A taxa de desemprego – relativa a cerca de 404 mil pessoas – aumentou 45,1% em relação ao trimestre anterior. O que corresponde a mais 125 700 pessoas à procura de emprego em Portugal, comparativamente com o mês de julho.

De acordo com os dados revelados esta quarta-feira pelo Instituto Nacional de Estatística o crescimento do desemprego nos últimos três meses é a mais elevada desde 2011.

“A população desempregada, estimada em 404,1 mil pessoas, aumentou 45,1% (125,7 mil) em relação ao trimestre anterior, o que corresponde à taxa de variação trimestral mais elevada da série iniciada em 2011, e 24,9% (80,7 mil) relativamente ao terceiro trimestre de 2019″, revela o INE.

A taxa de desemprego no terceiro trimestre do ano foi de 7,8%, valor superior em 2,2 pontos percentuais ao do trimestre anterior e em 1,7 pontos percentuais ao do trimestre homólogo de 2019, divulgou o instituto.

Também a subutilização do trabalho aumentou, tendo passado a abranger 813,7 mil portugueses, mais 8,7% do que no trimestre anterior e mais 21,9% em termos homólogos. “O aumento da subutilização do trabalho foi explicado maioritariamente pelo aumento do desemprego”, afirma o INE.

De notar que este indicador abrange não só população desempregada, mas também o subemprego de trabalhadores a tempo parcial, os inativos à procura de emprego mas não disponíveis para trabalhar e os inativos disponíveis mas que não procuram emprego, explica o Eco.

No terceiro trimestre de 2020 — período marcado pelo desconfinamento do país e, consequentemente, pela procura ativa de trabalho facilitada –, a população inativa caiu 4,8% em cadeia.

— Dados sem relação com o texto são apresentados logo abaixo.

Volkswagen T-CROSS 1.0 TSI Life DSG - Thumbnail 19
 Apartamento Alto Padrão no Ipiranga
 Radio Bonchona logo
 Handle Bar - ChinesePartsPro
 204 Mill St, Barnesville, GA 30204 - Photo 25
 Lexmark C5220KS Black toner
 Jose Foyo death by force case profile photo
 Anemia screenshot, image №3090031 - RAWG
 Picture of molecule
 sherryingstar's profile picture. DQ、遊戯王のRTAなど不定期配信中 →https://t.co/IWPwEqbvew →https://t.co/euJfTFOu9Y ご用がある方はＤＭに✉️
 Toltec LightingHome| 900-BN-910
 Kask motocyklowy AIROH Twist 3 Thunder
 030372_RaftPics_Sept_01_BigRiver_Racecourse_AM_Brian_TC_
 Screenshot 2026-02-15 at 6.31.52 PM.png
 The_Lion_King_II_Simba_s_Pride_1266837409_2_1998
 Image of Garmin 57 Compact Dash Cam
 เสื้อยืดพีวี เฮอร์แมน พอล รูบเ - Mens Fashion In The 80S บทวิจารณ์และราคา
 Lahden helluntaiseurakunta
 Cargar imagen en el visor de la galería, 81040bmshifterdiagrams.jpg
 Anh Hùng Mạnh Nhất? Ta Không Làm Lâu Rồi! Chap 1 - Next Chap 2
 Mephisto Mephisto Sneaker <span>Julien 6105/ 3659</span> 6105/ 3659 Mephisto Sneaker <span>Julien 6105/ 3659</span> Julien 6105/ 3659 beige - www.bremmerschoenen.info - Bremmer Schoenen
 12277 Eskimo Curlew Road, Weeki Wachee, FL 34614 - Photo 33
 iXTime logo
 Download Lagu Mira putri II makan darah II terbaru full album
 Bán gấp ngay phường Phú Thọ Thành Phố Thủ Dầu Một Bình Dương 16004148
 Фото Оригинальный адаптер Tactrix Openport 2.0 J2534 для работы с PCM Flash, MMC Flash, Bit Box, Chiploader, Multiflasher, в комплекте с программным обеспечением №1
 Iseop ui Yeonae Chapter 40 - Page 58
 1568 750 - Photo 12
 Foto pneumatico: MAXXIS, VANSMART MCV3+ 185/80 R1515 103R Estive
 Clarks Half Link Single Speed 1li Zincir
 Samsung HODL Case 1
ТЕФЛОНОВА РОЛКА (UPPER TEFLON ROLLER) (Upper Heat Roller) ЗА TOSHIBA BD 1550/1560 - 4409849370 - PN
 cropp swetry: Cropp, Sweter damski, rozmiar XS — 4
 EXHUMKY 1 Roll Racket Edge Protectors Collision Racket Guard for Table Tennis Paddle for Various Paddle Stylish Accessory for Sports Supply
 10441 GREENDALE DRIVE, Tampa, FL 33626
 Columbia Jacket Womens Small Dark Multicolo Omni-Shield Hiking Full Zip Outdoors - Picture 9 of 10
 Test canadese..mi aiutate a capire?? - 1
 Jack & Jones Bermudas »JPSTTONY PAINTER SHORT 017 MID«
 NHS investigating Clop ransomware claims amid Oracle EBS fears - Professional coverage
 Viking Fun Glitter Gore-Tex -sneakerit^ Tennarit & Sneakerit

Ainda assim, em termos homólogos, registou-se um aumento de 3%.

“A transição da inatividade para o desemprego refletiu o alívio das condicionantes à mobilidade e contacto social existentes no segundo trimestre que decorreram da pandemia, permitindo uma maior facilidade na procura ativa de emprego e disponibilidade para começar a trabalhar, critérios cujo cumprimento é necessário para a classificação enquanto desempregado”, esclarece o INE.

Quanto à população empregada, foi registado um aumento 1,5% por comparação com o trimestre anterior. Face ao mesmo período de 2019, verificou-se um recuo de 3%.